Laura Houser

With Wall Street leaving many investors on edge and the $700 billion rescue plan for the nation’s financial system rejected by Congress Monday, Miami University and its investments are also trying to stay afloat in a volatile market.

According to Bruce Guiot, director of investments and treasury services at Miami, the university saw a negative 2.7 percent rate of return on its investments of non-endowment funds during the 2007-08 fiscal year.

Investments of endowment funds were also down, with the university seeing a negative 2.66 percent return rate.
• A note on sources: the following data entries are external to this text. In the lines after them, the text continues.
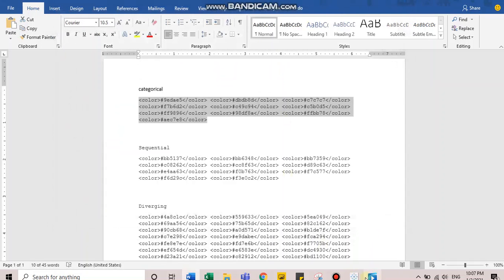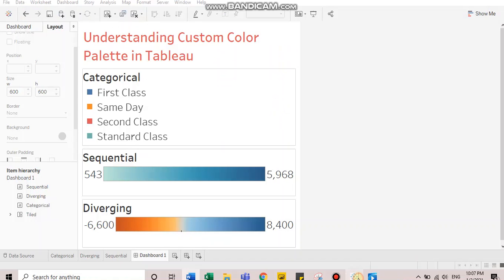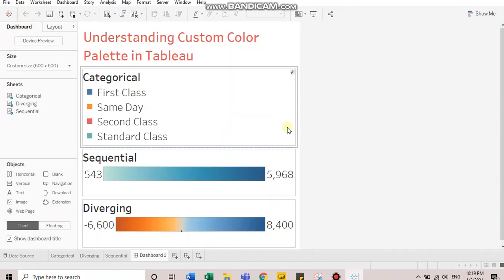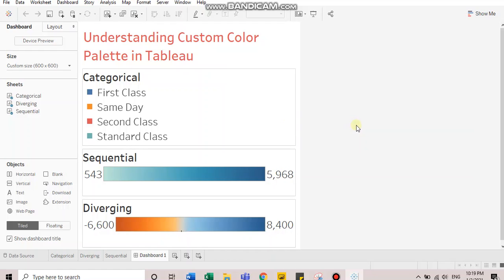The third step is to go to Tableau and restart it if it's already open. Just remember, for custom color palettes, it is a prerequisite that you have to restart your Tableau or open a new instance of it to be able to see the changes that you have made in your preferences file. I will restart it.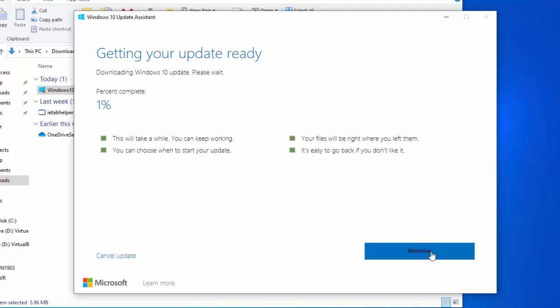So the downloading part is nearly finished, but we're not finished by a long way just yet. So it's rolled over to a hundred percent, but it's now verifying the download, so it's got to go back to a hundred again. I'm gonna pause this video while it does that.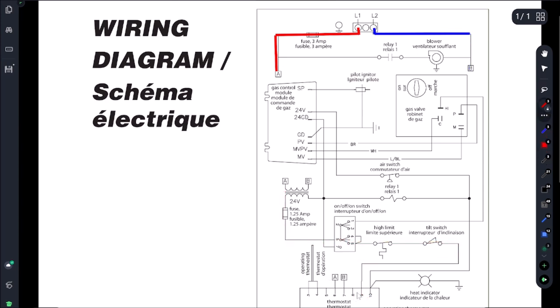We also want to make sure that we're getting power to our board, our 120 volts, and that's supplied directly from here - pin A and pin B.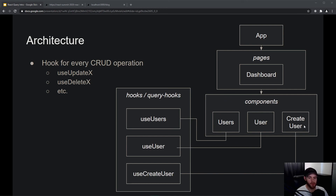With React Query, you would have a folder called 'hooks' or 'query hooks', containing functions in separate files. It's conventional to name them like useUser or useCreateUser — so for all your CRUD operations you give them a relevant name.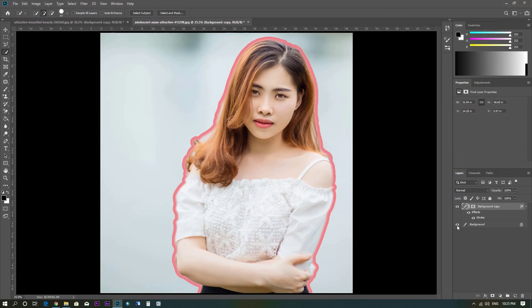Thanks guys. This video was about how to add an outline to your picture. Thanks for watching and don't forget to subscribe to my channel.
“We thought June (2008) was going to make or break our year,” Guiot said at the Sept. 19 meeting of the board of trustees. “It certainly broke it.”

In total, Miami lost $7 million in investments during FY2007-08, a year when the university was expected to earn $9.7 million from Miami’s stake in the market.

“This is latest wave in a cascade of negative events,” Guiot said. “In these types of markets, there’s no place to hide.”

According to David Creamer, vice president for finance and business services, as of June 2008, Miami has $169 million invested in its non-endowment funds and $166 million invested in its university endowment.

According to Creamer, both funds are used for investing purposes, although endowment funds are monetary gifts to the university with specific instructions as to their use.

Creamer said the university has a diverse investment portfolio, with money in bonds, equities, hedge funds and real estate.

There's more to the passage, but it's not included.